Direktur Jenderal Energi Baru Terbarukan dan Konservasi Energi (Dirjen EBTKE) Kementerian ESDM Eniya Listiani Dewi mengatakan masifnya penambahan EBT di dalam negeri bisa turut mendukung tercapainya target pertumbuhan ekonomi hingga 8% di tahun 2029 mendatang.
Hal itu bisa didorong dengan pertumbuhan industri manufaktur komponen pembangkit EBT di Indonesia. "Terutama untuk industri surya juga besar. Jadi, kita inginkan pertumbuhan ekonomi itu muncul dari industri manufaktur yang bisa mendukung komponen-komponen yang dipakai di energi baru terbarukan," jelasnya kepada CNBC Indonesia dalam program Economic Update, Selasa (8/7/2025).
Rencana tambahan EBT dalam jangka waktu 10 tahun mendatang tersebut akan memberikan pertumbuhan ekonomi melalui investasi mencapai Rp 1.682 triliun. Hal itu juga dikatakan didorong oleh pertumbuhan pasar basis EBT dunia.
"Nah, di sini perhitungan kita dalam 10 tahun ke depan bisa melahirkan pertumbuhan ekonomi itu sebanyak Rp 1.682 triliun investasi khusus untuk energi baru terbarukan. Jadi, sudah lumayan besar dan kita melihatnya kebutuhan tadi market driven-nya, kan, mulai banyak," tambahnya.
Meski pertumbuhan ekonomi di Indonesia dikatakan akan meningkat secara bertahap, terdapat dorongan pertumbuhan industri pula di Indonesia terutama dari sektor sumber energi surya.
Sumber energi lain yang diharapkan bisa menumbuhkan sektor perindustrian di Indonesia adalah dari energi panas bumi atau geothermal yang membutuhkan industri komponen heat exchanger dan turbin.
"Turbin itu kita pernah membuat sampai dengan TKDN 63%. Nah, tetapi karena demandnya waktu itu belum tumbuh untuk geothermal sehingga turbinnya tidak bisa diproduksi secara ekonomis. Nah, ini dengan adanya RUPTL yang jelas lalu RUPTL PLN ini dikeluarkan di Kepmen. RUPTL non-PLN, wilayah usaha non-PLN pun ada. Jadi, itu pun nanti pastinya kita inginkan ini mendorong pertumbuhan ekonomi," katanya.

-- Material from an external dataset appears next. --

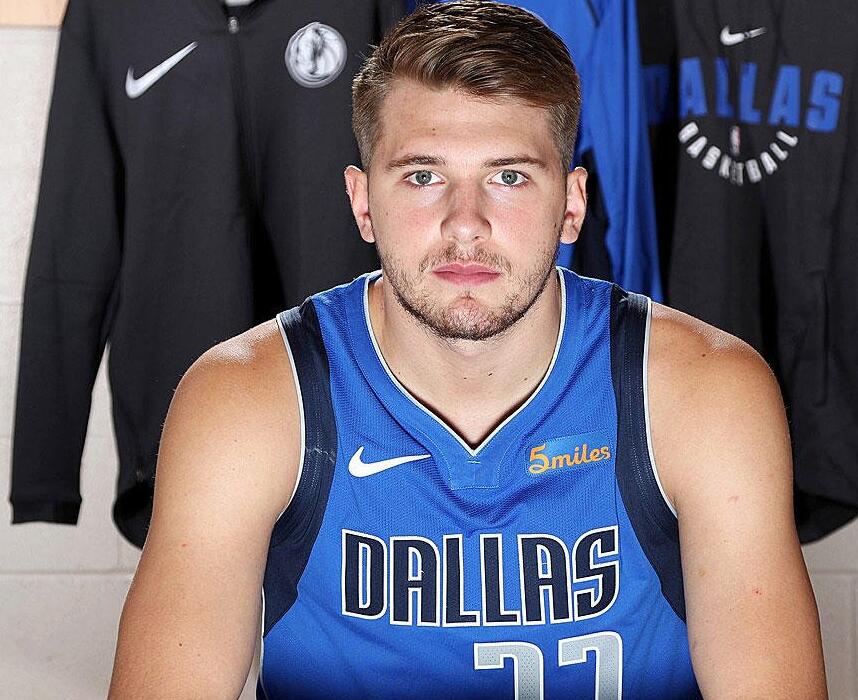 圣马梅斯球 圣马梅斯球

Pihaknya optimis, pertumbuhan kapasitas EBT dalam negeri turut mendorong pertumbuhan ekonomi seiring dengan peningkatan kebutuhan akan EBT baik untuk domestik maupun untuk diekspor.

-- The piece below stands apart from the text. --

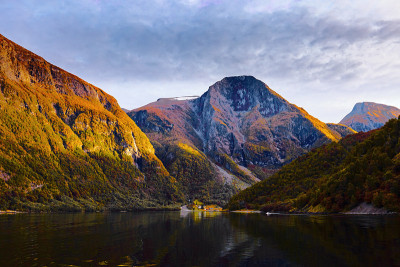 挪威峡湾的美景。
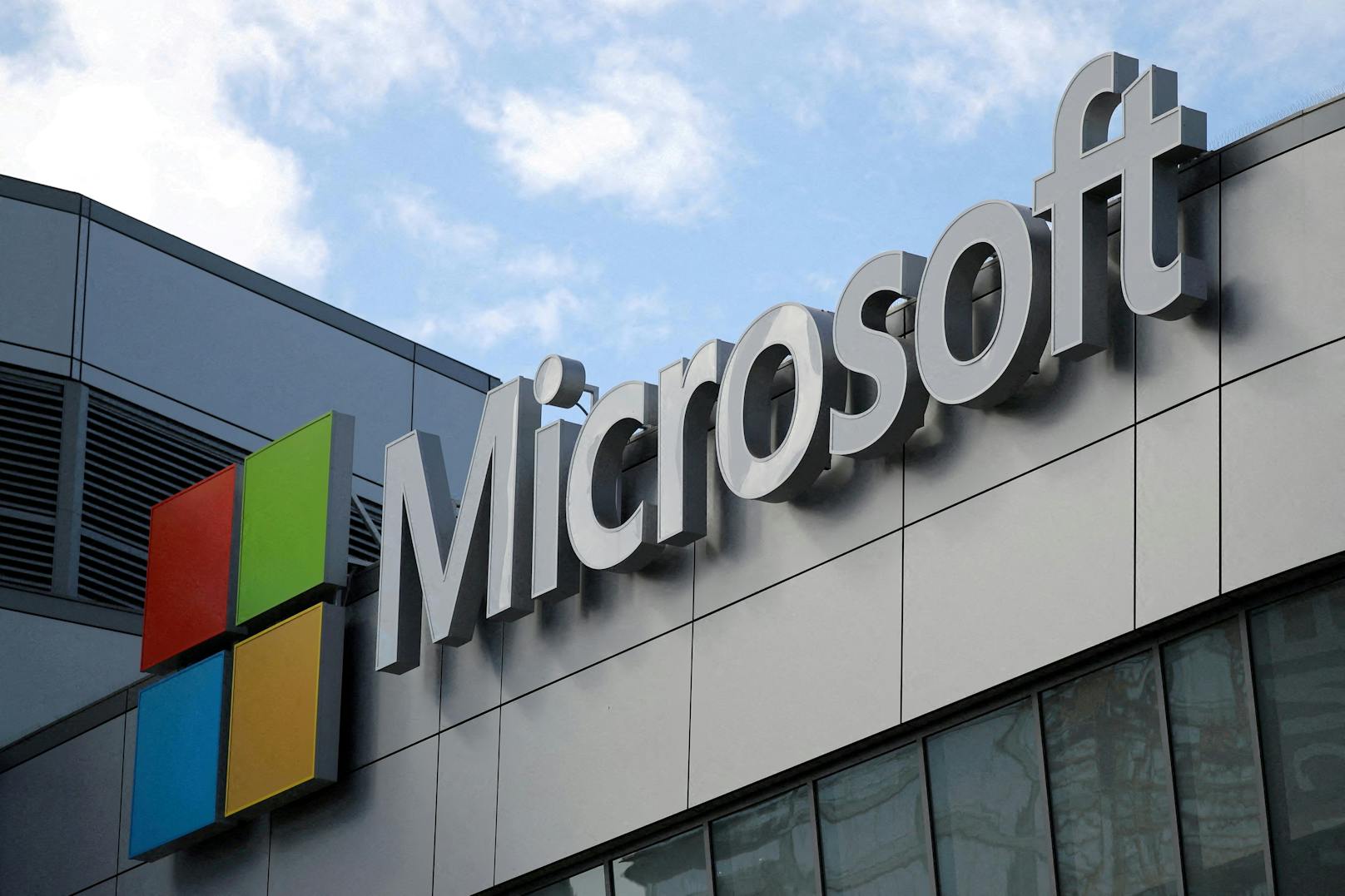 Tech-Gigant Microsoft vermeldet Einbruch des Gewinns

"Belum lagi kemarin Pak Menteri ESDM menandatangani MOU dengan Singapura juga, itu, kan, ada demand juga. Nah, ini di luar, di luar dari RUPTL. Lalu, mungkin kebutuhan yang lain. Nah, ini saya rasa industri PLTS juga bisa tumbuh dengan kondisi yang ekosistemnya sudah mulai kelihatan ini. Jadi, ada kepastian investasi," tandasnya.
Asal tahu saja, dalam RUPTL 2025-2034 tercatat rencana total penambahan kapasitas pembangkit listrik baru sebesar 69,5 GW sampai 2034, sebesar 42,6 GW atau 61% akan berasal dari pembangkit listrik berbasis EBT, dan 10,3 GW atau 15% dari sistem penyimpanan (storage).
Adapun, dari seluruh jenis pembangkit EBT, sumber energi surya memiliki porsi yang cukup besar yakni 17,1 GW. Kemudian, disusul oleh Air sebesar 11,7 GW, Angin sebesar 7,2 GW, Panas bumi sebesar 5,2 GW, Bioenergi sebesar 0,9 GW, dan Nuklir sebesar 0,5 GW.
Sementara itu, untuk kapasitas sistem penyimpanan energi mencakup PLTA pumped storage sebesar 4,3 GW dan baterai 6,0 GW. Kemudian, untuk pembangkit fosil masih akan dibangun sebesar 16,6 GW, terdiri dari gas 10,3 GW dan batubara 6,3 GW.